How Pixar’s ‘Luca’ Took Inspiration From Studio Ghibli and Aardman to Create a “Handcrafted Feel” [Interview]
Posted on Wednesday, April 28th, 2021 by Hoai-Tran Bui
Luca is probably the closest Pixar will get to making a Studio Ghibli film. That’s probably not a huge swing to make — the creatives at Pixar have long been fans of the works of Hayao Miyazaki and the anime studio that he co-founded, frequently citing films like Kiki’s Delivery Service and Spirited Away as influences for their own award-winning films. But there’s a certain feeling with Ghibli films that is hard to express. A nostalgia, a serenity of spirit, a bittersweet simplicity that has been consistent with most of the films from the renowned Japanese animation studio. And Luca gets pretty close to achieving that (at least in the 30 minutes of footage that this reporter watched for an early press presentation dedicated to the Pixar film).

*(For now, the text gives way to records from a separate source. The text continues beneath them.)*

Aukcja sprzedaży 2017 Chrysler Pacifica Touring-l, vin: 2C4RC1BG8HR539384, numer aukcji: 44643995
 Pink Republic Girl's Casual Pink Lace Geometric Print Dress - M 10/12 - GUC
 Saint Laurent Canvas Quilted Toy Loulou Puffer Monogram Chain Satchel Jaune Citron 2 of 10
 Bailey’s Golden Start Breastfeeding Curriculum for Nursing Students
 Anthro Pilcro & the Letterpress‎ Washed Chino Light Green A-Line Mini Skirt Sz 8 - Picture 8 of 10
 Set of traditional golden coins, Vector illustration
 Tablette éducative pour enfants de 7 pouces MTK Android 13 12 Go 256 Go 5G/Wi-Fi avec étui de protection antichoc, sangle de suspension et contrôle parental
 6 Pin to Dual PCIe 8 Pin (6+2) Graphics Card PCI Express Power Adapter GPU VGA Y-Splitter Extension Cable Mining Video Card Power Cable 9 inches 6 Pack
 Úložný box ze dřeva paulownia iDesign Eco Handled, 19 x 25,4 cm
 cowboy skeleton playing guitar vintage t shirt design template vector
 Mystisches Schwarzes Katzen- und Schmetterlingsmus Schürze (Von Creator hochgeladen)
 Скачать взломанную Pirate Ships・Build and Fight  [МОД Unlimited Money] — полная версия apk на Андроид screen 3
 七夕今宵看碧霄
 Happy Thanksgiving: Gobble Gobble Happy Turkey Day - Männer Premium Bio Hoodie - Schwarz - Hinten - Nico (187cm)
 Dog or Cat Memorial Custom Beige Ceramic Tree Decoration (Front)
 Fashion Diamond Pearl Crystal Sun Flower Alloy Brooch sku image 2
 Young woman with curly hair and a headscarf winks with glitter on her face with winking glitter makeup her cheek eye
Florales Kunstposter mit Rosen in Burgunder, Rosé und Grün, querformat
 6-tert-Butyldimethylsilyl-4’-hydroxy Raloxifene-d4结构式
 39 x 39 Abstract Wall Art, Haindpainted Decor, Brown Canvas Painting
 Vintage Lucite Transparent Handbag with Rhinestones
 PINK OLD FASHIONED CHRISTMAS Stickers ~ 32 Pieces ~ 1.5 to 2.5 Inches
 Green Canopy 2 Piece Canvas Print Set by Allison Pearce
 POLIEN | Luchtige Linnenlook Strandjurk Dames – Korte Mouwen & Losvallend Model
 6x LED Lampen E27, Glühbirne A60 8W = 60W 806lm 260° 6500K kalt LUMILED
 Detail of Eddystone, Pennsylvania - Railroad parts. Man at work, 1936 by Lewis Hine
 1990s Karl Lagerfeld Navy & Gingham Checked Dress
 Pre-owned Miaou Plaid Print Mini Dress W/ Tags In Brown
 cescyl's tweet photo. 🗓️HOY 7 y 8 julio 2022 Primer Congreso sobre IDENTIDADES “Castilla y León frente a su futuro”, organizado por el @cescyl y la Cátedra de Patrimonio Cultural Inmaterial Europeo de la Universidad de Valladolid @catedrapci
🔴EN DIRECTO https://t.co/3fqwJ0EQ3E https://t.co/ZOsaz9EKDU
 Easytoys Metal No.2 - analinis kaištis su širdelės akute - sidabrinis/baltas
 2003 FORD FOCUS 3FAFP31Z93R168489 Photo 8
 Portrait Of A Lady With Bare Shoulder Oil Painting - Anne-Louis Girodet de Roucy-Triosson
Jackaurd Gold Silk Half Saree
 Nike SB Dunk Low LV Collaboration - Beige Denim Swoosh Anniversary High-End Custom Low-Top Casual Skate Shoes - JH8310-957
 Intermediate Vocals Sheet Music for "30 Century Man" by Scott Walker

And that was intentional, according to Luca animation supervisor Mike Venturini. The director of Luca, Enrico Casarosa, grew up watching some of the earliest TV works of Miyazaki and his frequent collaborator Isao Takahata, like Future Boy Conan and 3000 Leagues in Search of Mother, and that love for all things Miyazaki bled into Luca.
“That really comes from Enrico’s love for those films and how it’s influenced him as a filmmaker,” Venturini told /Film in an interview over Zoom. “We use the word lyrical to describe his storytelling. It’s very rhythmic and get can get quiet at times.”